# Tutorial 3: LQR for a double pendulum
In this tutorial we will use our knowledge about the double pendulum to create optimal controllers that hold keep the robot in one of its unstable points of equilibrium. We will also introduce the acrobot and pendubot, two classical examples of underactuated robots. 

**Pre-requisites**

Knowledge of the dynamics of the double pendulum, as well as basic notions of LQRs and the concept of the region of attraction.

**Goals**

Deriving and implementing a linear quadratic regulators for an underactuated double pendulum.

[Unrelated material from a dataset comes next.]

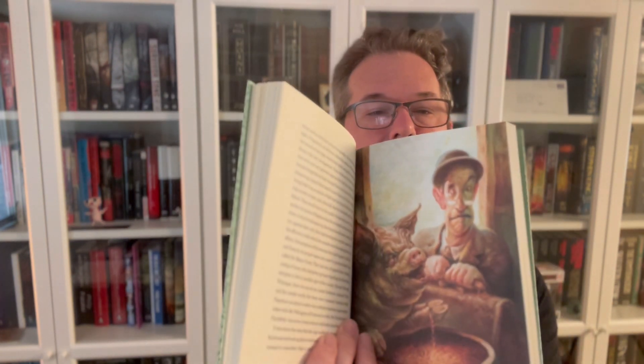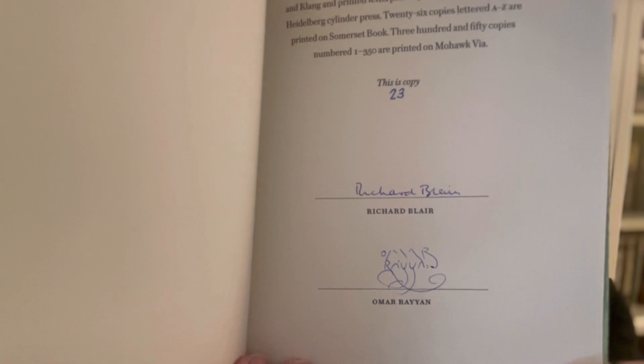This, 1984, and Handmaid's Tale — though Handmaid's Tale, maybe when they're a little older. Let me get to that signature page where we have Richard Blair, who is the son of George Orwell, and Omar Rayan, who has a very beautiful elaborate signature, and of course it's number 23. Another beautiful book to add to my collection — a worthy, timeless classic about totalitarian dangers, and it's in beautiful condition.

This notebook is organized as follows:

    1. Derivation
    2. Implementation
    3. Region of attraction
    4. Maximizing the RoA with CMA-ES

Run the next cell to make sure you have all the necessary dependencies installed.

In [None]:
!pip install -r requirements.txt

In [None]:
import os
import numpy as np
import pandas as pd
import sympy as smp
from datetime import datetime
from double_pendulum.model.symbolic_plant import SymbolicDoublePendulum, diff_to_matrix, sub_symbols
from double_pendulum.model.model_parameters import model_parameters
from double_pendulum.simulation.simulation import Simulator
from double_pendulum.controller.lqr.lqr_controller import LQRController
from double_pendulum.utils.plotting import plot_timeseries, plotEllipseSections
from double_pendulum.utils.misc_roa import sampleFromEllipsoid, quadForm
from double_pendulum.filter.lowpass import lowpass_filter
#from double_pendulum.utils.plotting import direct_sphere, sample_from_ellipsoid
from double_pendulum.model.plant import DoublePendulumPlant
from double_pendulum.controller.lqr.roa.roa_paropt import roa_lqr_opt


%matplotlib inline
from IPython.display import HTML, display
import matplotlib as mpl
mpl.rcParams['animation.writer'] = "pillow"
import matplotlib.pyplot as plt

The next cell introduces the model of the robot. You can change the between acrobot and pendubot by commenting/uncommenting the second and third lines. In this cell we also generate the plant and simulator. These allow us to run simulations as well as experiments on the real system. Update the first line of the next cell with the motors on the pendulum assigned to you in order to be able to run experiments.

In [None]:
motors = [403, 379] # REPLACE WITH YOUR MOTOR IDS [SHOULDER, ELBOW]
model = "model_07"
#robot = "acrobot"
robot = "pendubot"

if robot == "pendubot":
    torque_limit = [0.15, 0.0]
    active_act = 0
elif robot == "acrobot":
    torque_limit = [0.0, 0.15]
    active_act = 1
friction_compensation=False
model_par_path = "identified_parameters/" + model + "/model_parameters.yml"
mpar = model_parameters(filepath=model_par_path)
mpar_con = model_parameters(filepath=model_par_path)
mpar_con.set_motor_inertia(0.0)
mpar_con.set_damping([0.0, 0.0])
mpar_con.set_cfric([0.0, 0.0])
if friction_compensation:
    mpar_con.set_damping([0.004,0.004])
    mpar_con.set_cfric([0.00305,0.0007777])
mpar_con.set_torque_limit(torque_limit)
# mpar.set_length([0.05,0.10])
print(mpar_con)

dt = 0.002
tf = 10
integrator = "runge_kutta"

plant = SymbolicDoublePendulum(model_pars=mpar_con)
sim = Simulator(plant=plant)

## 1. Derivation

The following section is based on Chapter 8 of Russ Tedrake's Underactuated Robotics.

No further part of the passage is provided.